A decir del líder religioso, el problema que está en juego es el sentido de la persona, ya que en el mundo hay una deshumanización y pérdida del valor de la persona, de tal manera que no se respeta la dignidad humana y por ende sus derechos humanos, por lo que consideró que estamos en un periodo de crisis.

Dignificar al ser

“La persona ya no es el centro de todo, inclusive, los partidos políticos o los mismos gobernantes ya no ponen a la persona o al bien común en el centro de sus proyectos, ponen sus intereses de partido, de poder o de beneficios propios, por lo que este es un problema a nivel global, y lo que se debe hacer es poner la dignidad de la persona en el centro, eso es por lo que la Iglesia está luchando”, manifestó.

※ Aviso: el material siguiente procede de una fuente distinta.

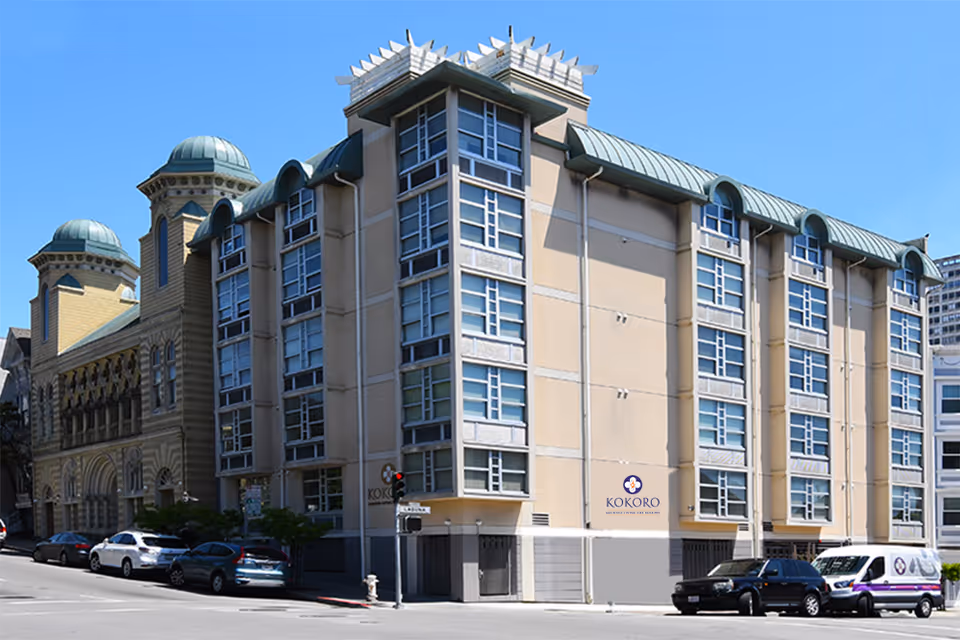 Exterior view of a multi-story beige building with many windows under a clear blue sky. The building has a sign that reads 'Kokoro Assisted Living Inc' and is located on a street corner with several parked cars along the street.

Y abundó: “La Iglesia respeta a todas las personas porque, precisamente, se pone en el centro la dignidad de todas las personas. Toda persona, tanto el niño que está por nacer hasta el anciano, tiene sus derechos por su dignidad; no por estar enfermo vales menos que otra persona que tiene salud”.

Apuntó que la lucha de la Iglesia es poner en el centro a la dignidad de la persona, y que esto mismo hagan los gobernantes.